Suggestions to inform the work of the UK’s Business, Energy and Industrial Strategy Committee on internal controls and improve clarity on capital maintenance	n/a
A package of measures around fraud detection and prevention	See above
Improved auditor communication and transparency	Irba has launched two initiatives: Audit Quality Indicators, which are standardised measures for audit firms to score their audit quality. This is the first set of indicators that audit committees can use in the evaluation of auditors. This will also assist in structuring communication between the audit firm and the client on issues around audit quality. Further, Irba has issued a call for audit firms to produce transparency reports, which will also be an important means of communication with audit committees. This is currently voluntary and suggested guidelines for reporting have been provided. This will be refined in conjunction with feedback from audit committees as to what they find most useful. In future it may become mandatory.

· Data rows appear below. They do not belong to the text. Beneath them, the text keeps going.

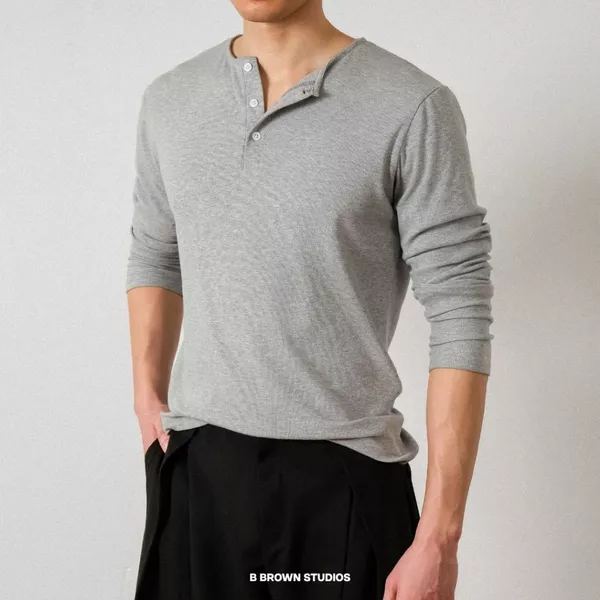Áo Thun Nam B Brown Dài Tay Form Slim Fit Có Cúc Ngực - B Brown Henley Slim Fit Shirts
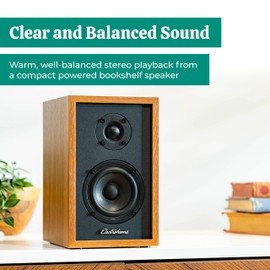 Electrohome Berkeley 2.0 Stereo Powered Bookshelf Speakers with Built-in Amplifier and 3" Drivers for Turntable, TV, PC and Wireless Music Streaming Featuring Bluetooth 5, RCA and Aux (EB20)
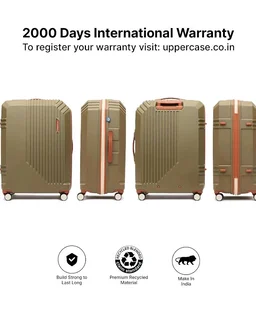 uppercase Vector Trolley Bag Large Size 75cm, Hardsided Suitcase (Brown)
Anti-Theft Zippers | 8 Smooth-Rolling Spinner Wheels | TSA-Approved Lock | 5.5 Years Warranty | Durable Polycarbonate Shell
50+ bought in past month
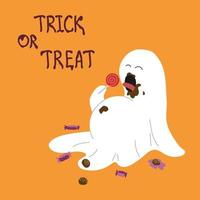 A cheerful cartoon ghost gorged on sweets on orange background for halloween. Flat vector illustration.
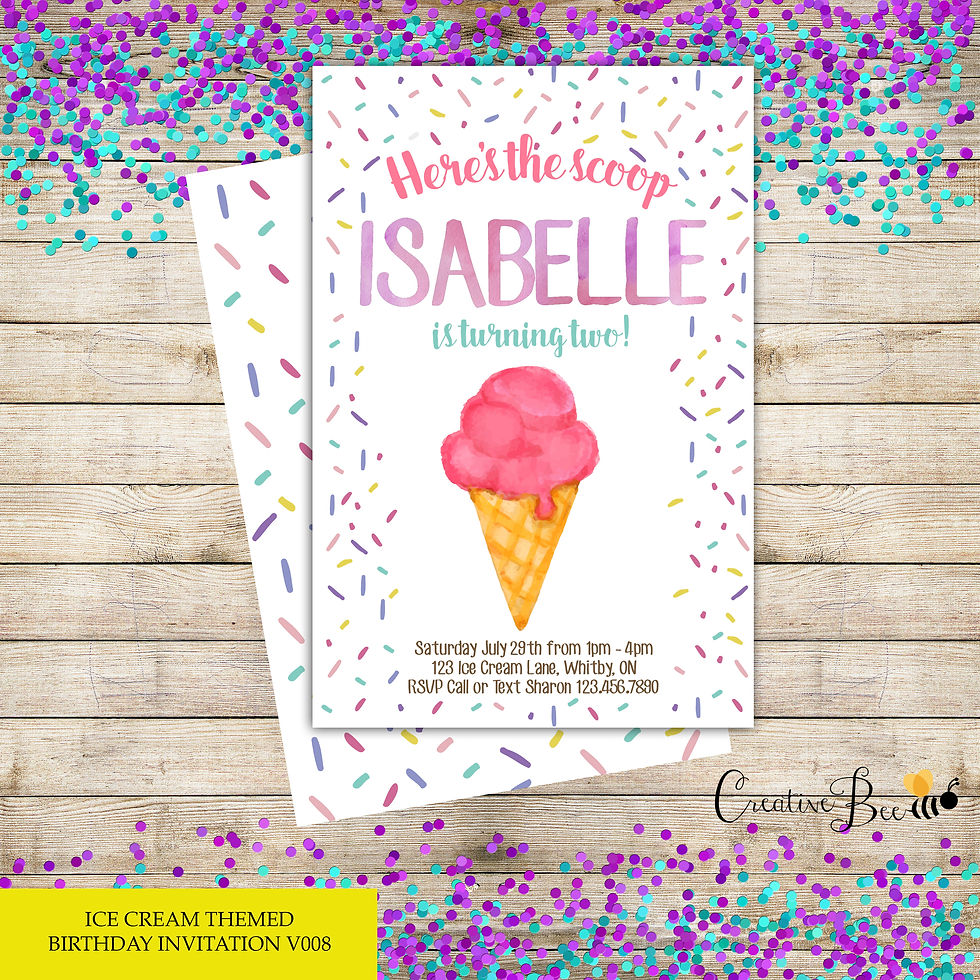 Thumbnail: Ice Cream Themed Birthday Invitation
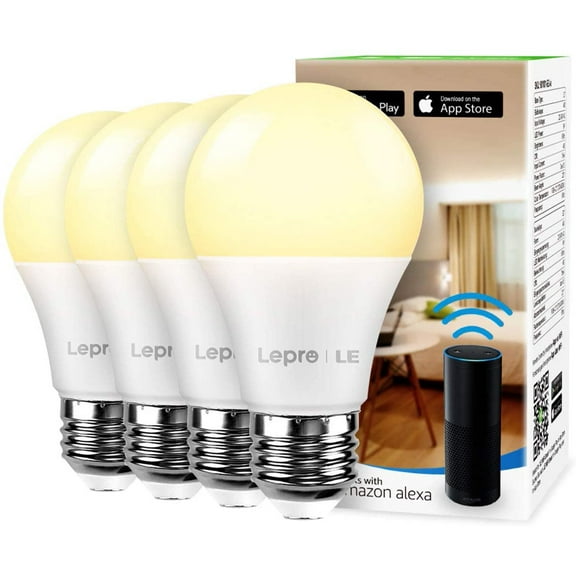 Lepro Smart LED Light Bulbs, Warm White 2700K, 60 Watt Equivalent, Dimmable with App, Alexa and Google Home Compatible, No Hub Required, A19 E26, 2.4GHz WiFi, Pack of 4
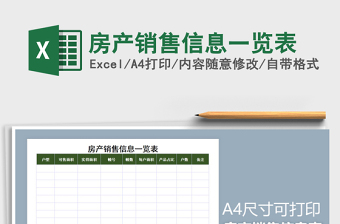 2021年房產(chǎn)銷售信息一覽表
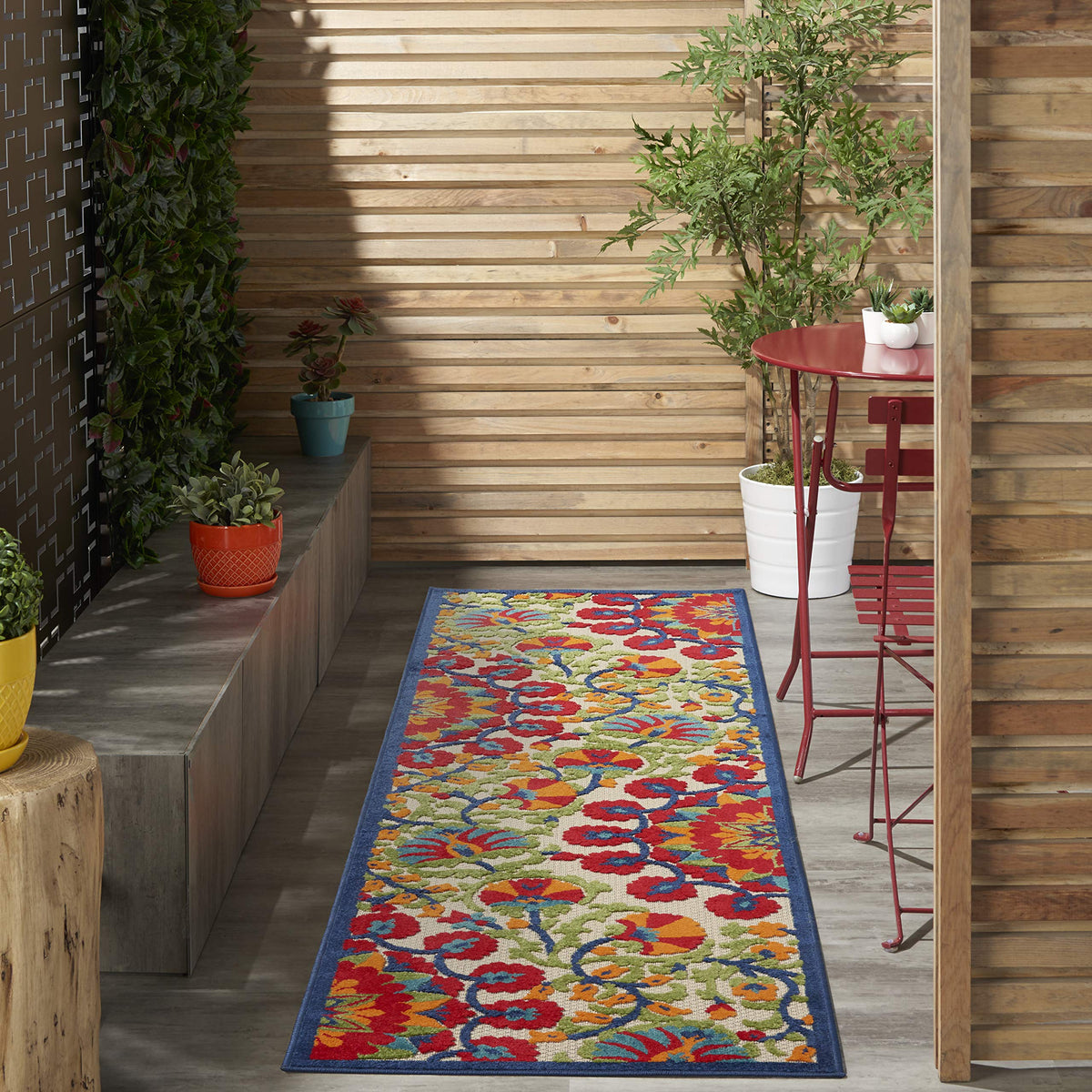 Nourison Aloha Indoor/Outdoor Red/Multi 2'3' X 8' Area Rug, Easy Cleaning, Non Shedding, Bed Room, Living Room, Dining Room, De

Obligations to acknowledge external signals of concern	–
Extension of audit to new areas including alternative performance measures	Irba has already contributed to a project that seeks to determine how assurance can be provided on non-financial information, and what level of assurance could be offered.
The increased use of technology	This is an important area of audit quality advancement for Irba, and the advances in technology and the 4th industrial revolution are viewed as being a step forward in addressing the concerns that arise out of current methodologies. The ability to handle large volumes of data and transactions will become easier, and will improve audit quality.